The police detective said Taylor wrote in a six-page letter discovered by investigators that she had decided to kill her two daughters because “she didn’t want them growing up without a mother,” WKYT reports.
She also told investigators that she had tried to take her own life.
After Taylor entered the Alford plea in February, Commonwealth Attorney Jackie Steele said that the victims’ family had been supportive of accepting the plea rather than go through a trial process — which could have resulted in the death penalty for Taylor.

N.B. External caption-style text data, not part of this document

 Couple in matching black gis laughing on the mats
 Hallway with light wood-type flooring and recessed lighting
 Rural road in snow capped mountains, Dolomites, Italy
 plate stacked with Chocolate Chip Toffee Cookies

They understood, she said, that even if Taylor received the death penalty, she may still live out her natural life in prison before an execution would ever be carried out.

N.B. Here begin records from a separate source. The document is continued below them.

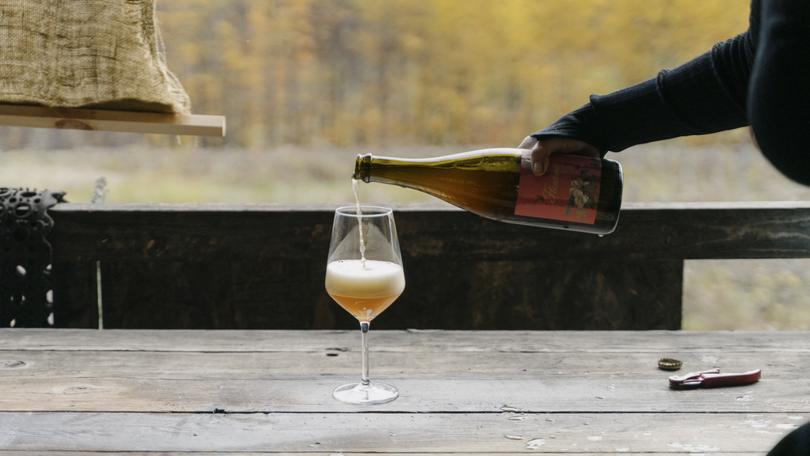 Deirdre Heekin, the owner of the La Garagista winery, pours Fleurine, made from a blend of grapes and apples, in Barnard, Vt., Oct. 26, 2023. 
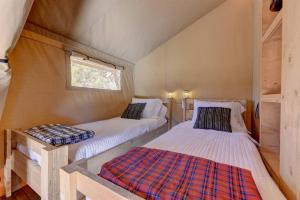 ein Schlafzimmer mit 2 Betten in einem winzigen Haus in der Unterkunft 12 Fires Luxury Glamping with AC #4 in Johnson City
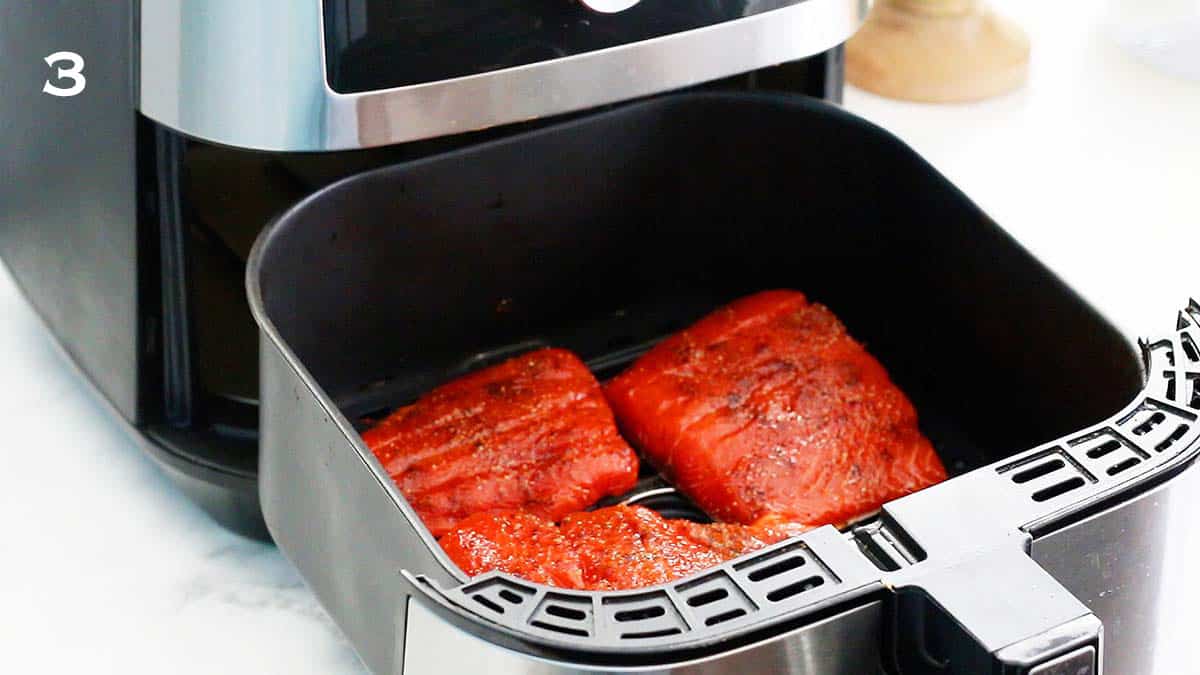 an air fryer basket with 3 raw salmon fillets.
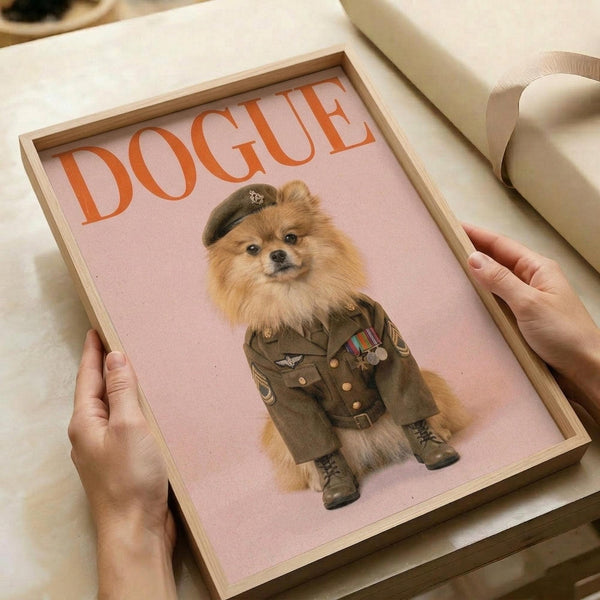 May include: Hands holding a framed poster print featuring a fluffy Pomeranian dog dressed as a military general in olive green uniform with medals, beret, and boots against a pink background. The word "DOGUE" appears in large orange letters at the top. The artwork is displayed in a light wood frame on white bedding with cream ribbon visible nearby.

“The main thing that they wanted... was that she could never walk out of prison again,” Steele said at the time, according to The Times Tribune.

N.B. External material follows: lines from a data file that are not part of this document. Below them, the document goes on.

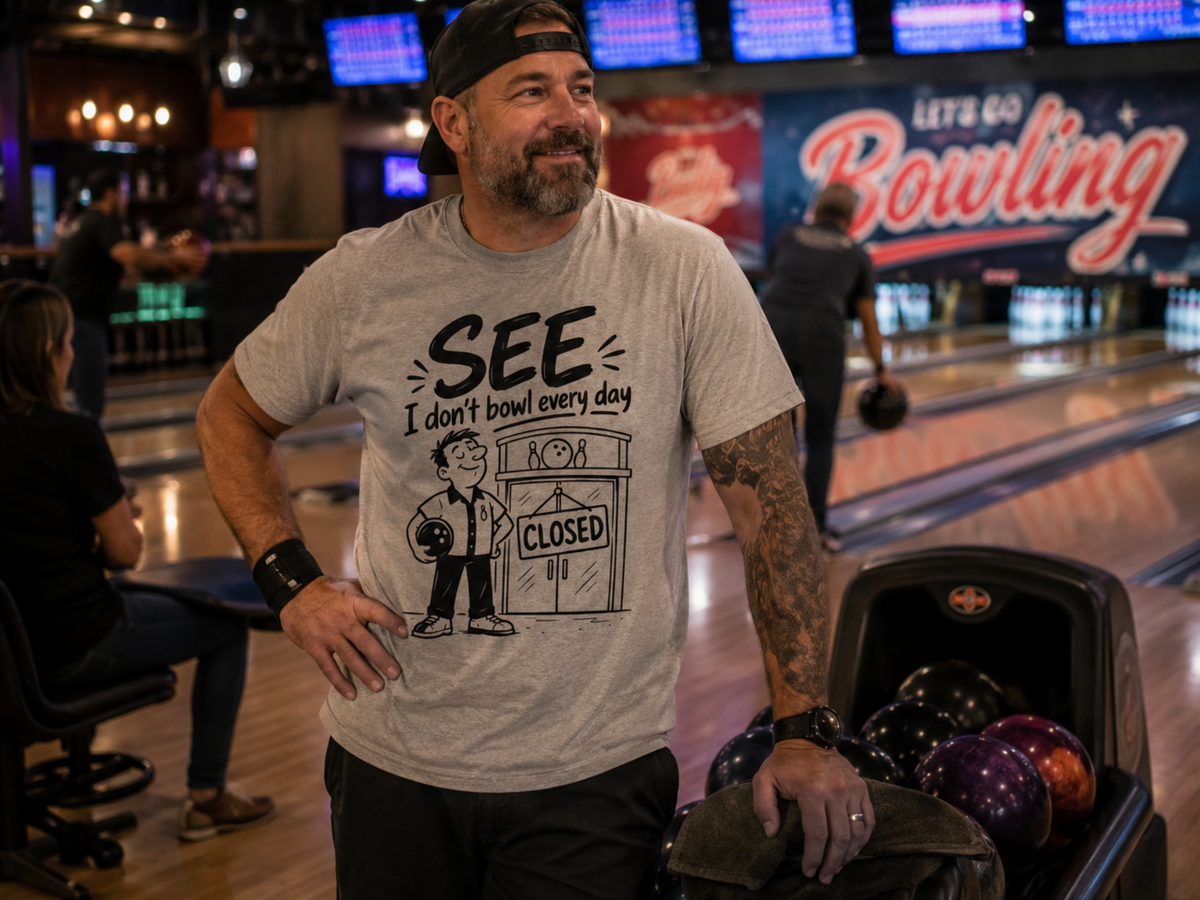 A man in a bowling alley wearing a light gray graphic t-shirt that reads 'SEE I don't bowl every day' with a cartoon bowling pin character and a 'CLOSED' sign. He is standing next to a bowling ball return filled with bowling balls.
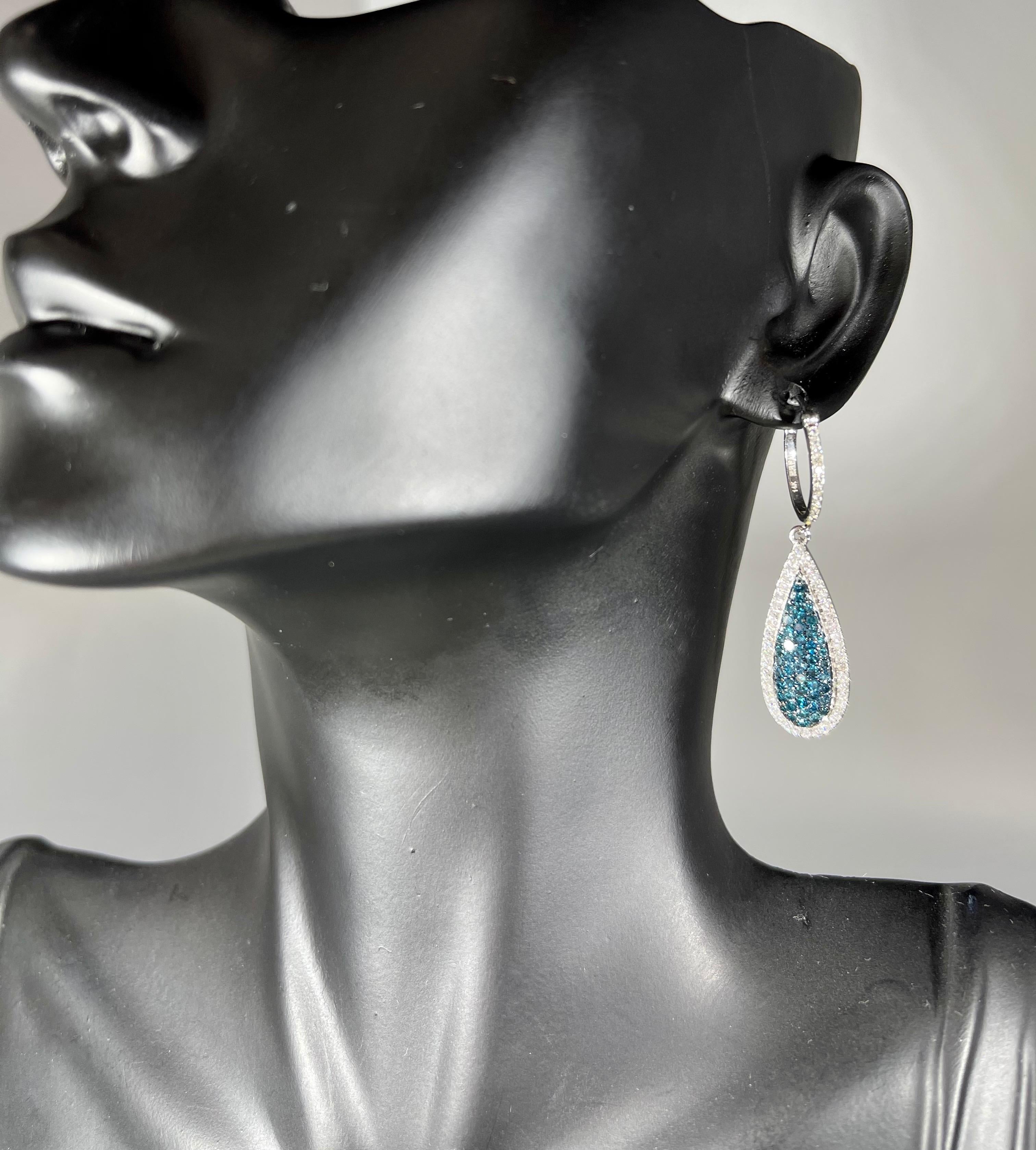 
Designer Effy's Natural Blue and White Diamond Dangling Earrings 14K White Gold
 Small Huggies on the top . 
This exquisite pair of earrings are beautifully crafted with 14 karat gold .
Weight of 14 K gold 4.5 grams
Fine Round Cut Blue diamonds are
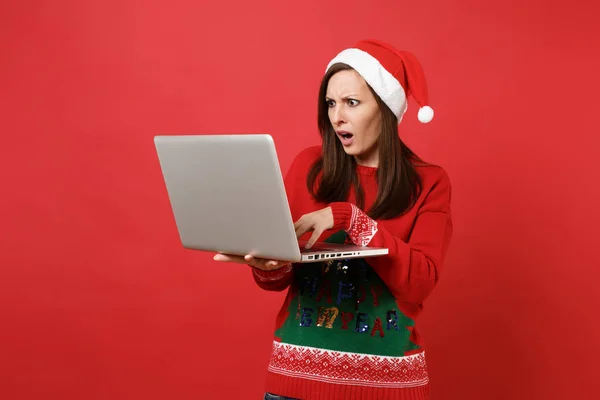 Concerned shocked young Santa girl in Christmas hat working, typing on laptop pc computer isolated on bright red background. Happy New Year 2019 celebration holiday party concept. Mock up copy space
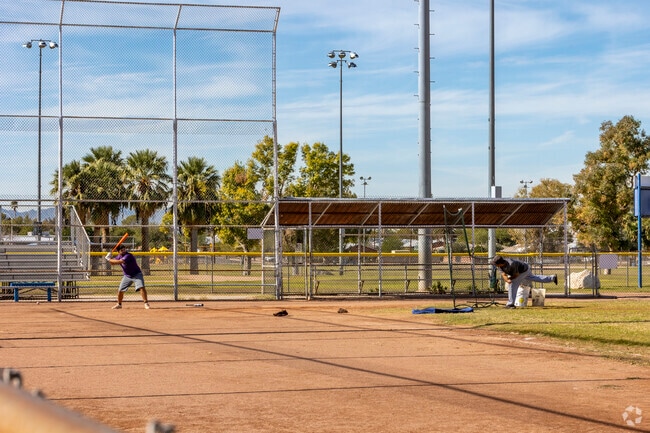 Tucson residents practice baseball in the afternoon at Palo Verde Park.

Steele also said she agreed to accept the Alford plea, in part, because Taylor had claimed that she couldn’t remember the shootings, The News Journal reports.
At the time the plea was entered, defense attorney Joanne Lynch said she hoped the plea would bring closure for those impacted by the slayings.
“This has been a long journey,” she said, according to The News Journal. “I think everyone, including Courtney, hopes that this gives everyone a sense of closure and allows people to have some peace.”
Judge Jeff Burdette handed down Taylor’s sentence Wednesday morning over a video conference.